Teaching is still incredibly enjoyable to me, I think it is a nice balance with compositing, which is generally more headphones on and focus on getting the shot looking good. I enjoy teaching for the same reason I enjoy compositing the problem-solving aspect of it. In regards to a pre-recorded tutorial, it’s the challenge of getting the viewer to understand a set of techniques as quickly and clear as possible so that they can start using them in their work straight away.

For the 1on1 training, I do it’s working out how to structure and word a course in order for the student to progress as quickly as possible. For instance one of my students is coder so understands certain aspects of compositing easier than others and is finding other areas trickier, whereas another of my students is great at the creative look stuff however struggles a little with the technical. So I love the challenge of getting them to where they want to be in the most efficient way,

  • Compositing Pro website is getting more followers and getting positive traction on the internet. How did you get the idea to start your compositing newsletter and training program?
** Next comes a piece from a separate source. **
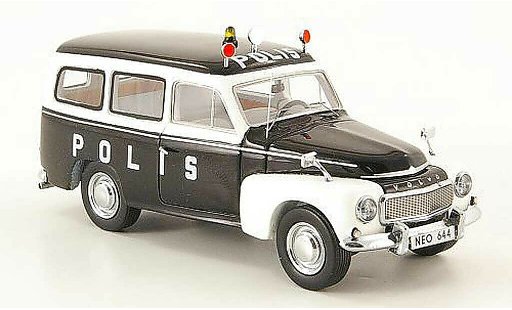 Volvo PV 445 Duett 1/43 Neo Polis police Schweden 1956 modellautos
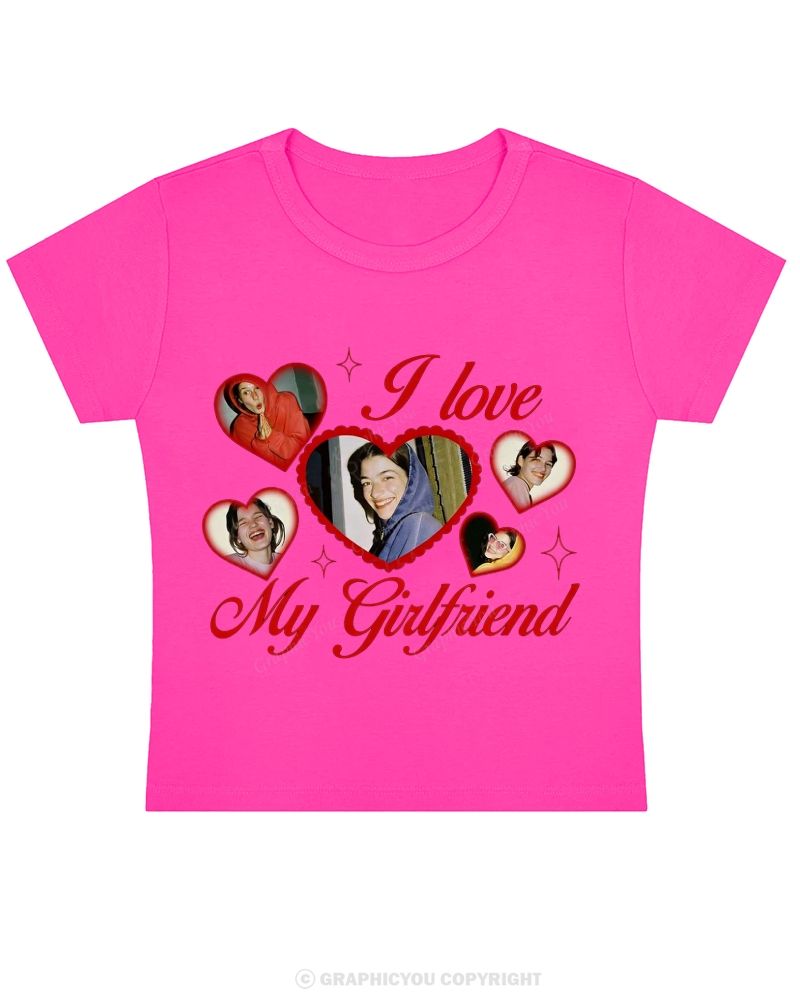 Custom Girlfriend Photos Y2K Valentine's Day Baby Tee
So, I started the newsletter around 5 years ago, as I was following newsletters from other industries, designers etc and I thought it was crazy that there was nothing similar happening in VFX. I was at MPC at the time and people were sharing awesome articles with each other that others outside the company would find equally useful. So from there I started just making a list of cool stuff that I found and sending a newsletter out when I had enough cool stuff worth sharing. I now stick to one a month and the newsletter reaches compositors all around the world.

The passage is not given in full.